阿烬开始尝试一些让林木生感到费解、有些手足无措的“社交行为”。
比如,讲冷笑话,或者更确切地说,是地狱笑话,并且在发现林木生没笑之后,立刻绷紧脸,转身走开,留下一个散发着低气压的背影。
这个转变说来话长。
源头得回溯到更早一次林木生去下城区找他,照例是在那家他们常去的老张面馆。
两人正对着热气腾腾的面碗埋头苦吃,独眼的老张老板端着汤勺晃悠过来,一边给阿烬碗里添了勺浓汤,一边拿那只仅剩的眼睛,瞟着邻桌一个扎着粗麻花辫、脸颊红扑扑的姑娘。
“阿烬啊,”老张压低嗓门,用汤勺柄悄悄指了指那姑娘的方向,“瞧见没?老李家的闺女,勤快着呢,没少跟我打听你。夸你干活利落,人稳重,是个能靠得住的。”
林木生对这种场景见怪不怪了,阿烬其实很讨女孩子喜欢。
那张冷脸配上一身腱子肉和干活时那股不要命的狠劲,简直是行走的荷尔蒙。
工会会长那个烫着大波浪、爱穿皮裤的女儿,每次阿烬去交单或接活,她的目光就跟强力胶一样黏在他身上。

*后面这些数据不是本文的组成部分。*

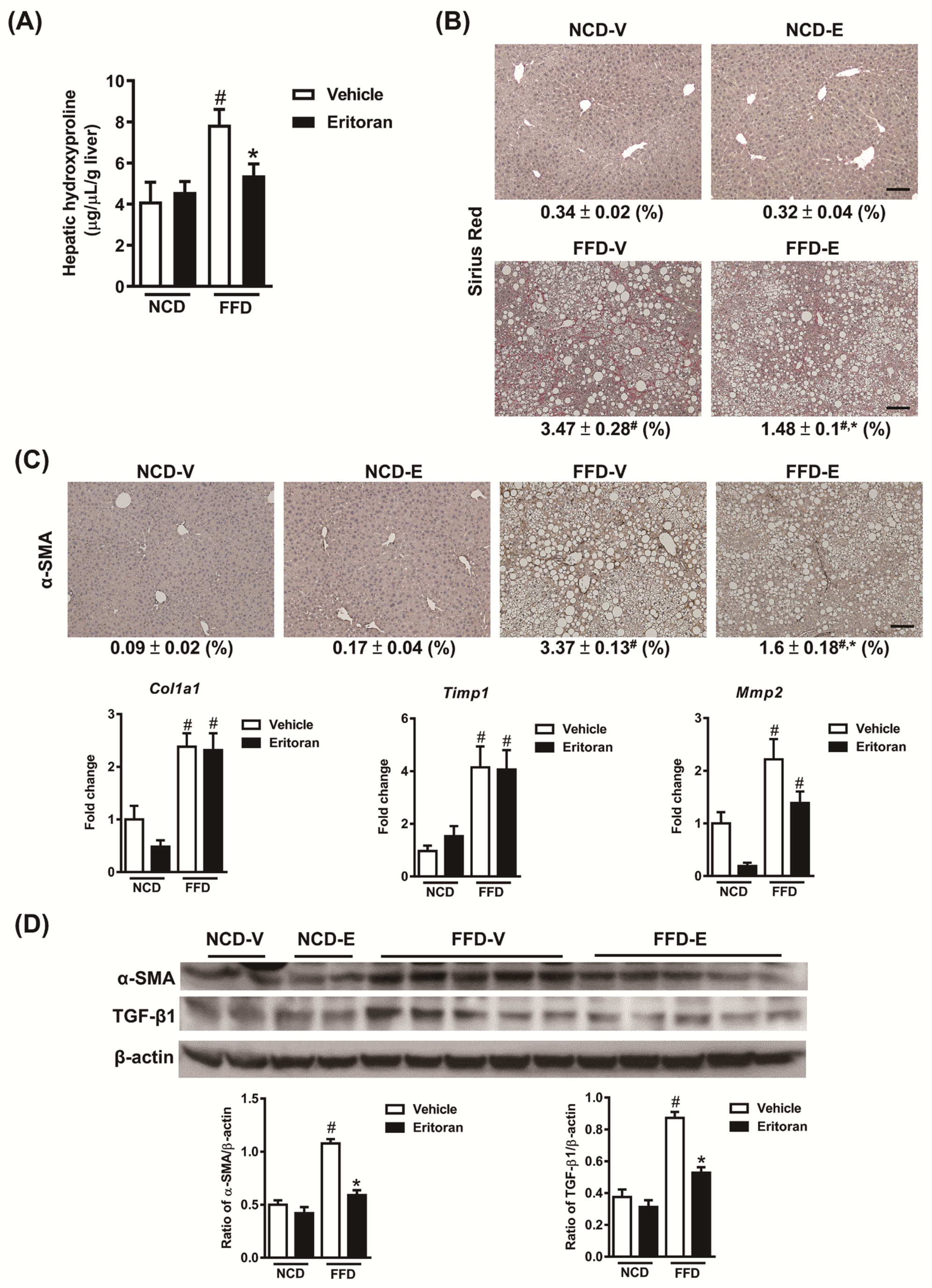 Cells 10 01562 g003 550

她会故意把交接文件掉在他脚边,等他弯腰去捡时,踩着高跟皮靴的脚“不经意”蹭过他的裤腿;
她会在他靠在工会门口等消息时,“恰好”路过,带起一阵香风,笑语盈盈地搭话。
工会里其他人看在眼里,背地里没少嘀咕阿烬是块“捂不热的铁疙瘩”,或者用更粗俗的话猜测他“是不是哪儿有问题”。
这边老张还在继续:
“你小子年纪也不小了,该成家了。总这么一个人刀口舔血的算怎么回事?趁早安定下来,老婆孩子热炕头多好。”

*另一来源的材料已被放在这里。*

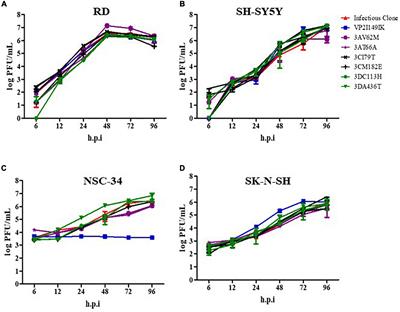 A Single Amino Acid Substitution in Structural Protein VP2 Abrogates the Neurotropism of Enterovirus A-71 in Mice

老张的声音不小,邻桌那麻花辫姑娘臊得满脸通红,头快埋进面碗里。
老张倒是越说越起劲,唾沫星子差点喷进阿烬的面碗里。
“就是你这性子得改改,木头疙瘩似的。以后哪个姑娘敢跟你?怎么讨老婆?别真等到我这把年纪,还是光棍一条,那多凄凉。”他说得痛心疾首。
林木生吸溜着面条,心里倒是有点赞同老张的部分观点。
姑娘们的热情开始大都轰轰烈烈如野火,后面发现烧的是一块压根点不着的湿木头,渐渐就觉得无趣又挫败,自然就散了。